About half of the property owners are absentee, and the other half reside in the subdivision’s 44 homes.
The dispute was ignited last fall when the POA’s Architecture Control Committee at first approved the plans for the Stewart office building, but then rescinded that approval when Stewart Investments did not follow through with promises to provide a comprehensive site plan that addressed the subdivision’s sign restrictions.
Meanwhile, construction got under way Nov. 4 amid threats from Stewart Investments promising extensive litigation. Around Dec. 20, members of the POA board learned the plans for the coffee shop included the drive-through service window, and they began voicing concerns the office building violated the covenant against “drive-in service restaurants.”
Smith’s wife Jo Ann, who served as chairman of the Architecture Control Committee when the plans were submitted, said in July that her panel had decided the coffee shop’s drive-up takeout window did not make it a “drive-in service restaurant.”
However POA board members, led by then-president Nelson and vice president John Russo, had a different opinion and sought legal counsel, leading to the filing of the lawsuit. The Stewarts filed a counter suit, and POA board members were advised not to discuss the case, even with the rest of the association members.

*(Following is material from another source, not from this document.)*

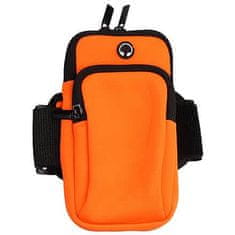 Merco Phone Arm Pack pouzdro pro mobilní telefon oranžová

Association members who were uninformed about the litigation and the counter legal threats from Stewart Investments became frustrated with the POA board, and at the July 14 annual membership meeting, they ousted the president, who was up for re-election, and three remaining board members resigned.
The new board, led by Archie Smith and Dr. David Greenwell, then instructed the POA’s attorneys to negotiate a settlement, which led to a final take-nothing judgment signed by 424th state District Judge Dan Mills on Aug. 27.
The Stewarts then filed a motion to drop their counter suit Oct. 1.